Indeed, as I’ve noted before, despite the fact that the last five and ten of the last eleven recessions began during Republican presidencies, the last time unified Republican government had to deal with a recession was back in 1953, and the time before that was 1929. Perhaps they’ll do fine this time, as Dwight Eisenhower’s Republicans did. But it seems quite plausible that the gang who are causing this mess won’t have a clue how to clean it up. We’re as likely to have Trump fire Fed Chair Jerome Powell and try to replace him with Hershel Walker or, I don’t know, Jessica Rabbit as we are to just have them implement normal Keynesian counter-cyclical policies. Not to mention that the chances of getting anything sensible through the Republican House seem slim indeed, even if Speaker Mike Johnson supported it.
(And again: Unlike most previous recessions, this one would be fully imposed by the actions of the president for no particular reason other than that he was an economic illiterate who thought he knew more than everyone else about how things worked).

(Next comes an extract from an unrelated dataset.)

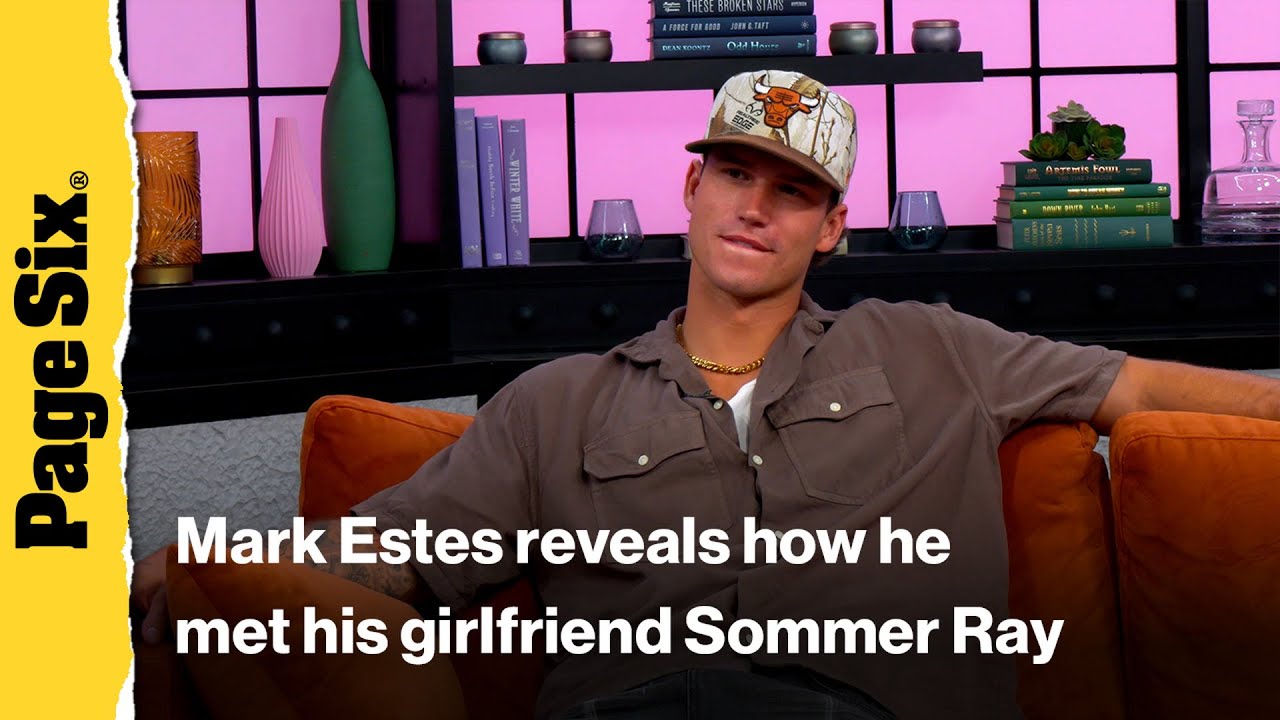 Марк Эстес в восторге от своей девушки Соммер Рэй после расставания с Кристин Каваллари | Virtual...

Will Republicans do anything about it? Four GOP Senators broke with Trump on Wednesday to pass an anti-tariff resolution, although it won’t be brought to a vote in the House and would be vetoed if it made it to the White House. That does seem to be part of a trend that may have started a few weeks ago of Republican politicians showing a bit more resistance to Trump. Four Senate Republicans have plenty of potential clout; as Bloomberg’s Steven Dennis points out, those four could threaten to oppose the big Republican tax bill unless Trump backed off the tariffs. But we seem to be a long way from that happening.
Unfortunately, the most likely next step is pain, and plenty of it. Wish I had better news.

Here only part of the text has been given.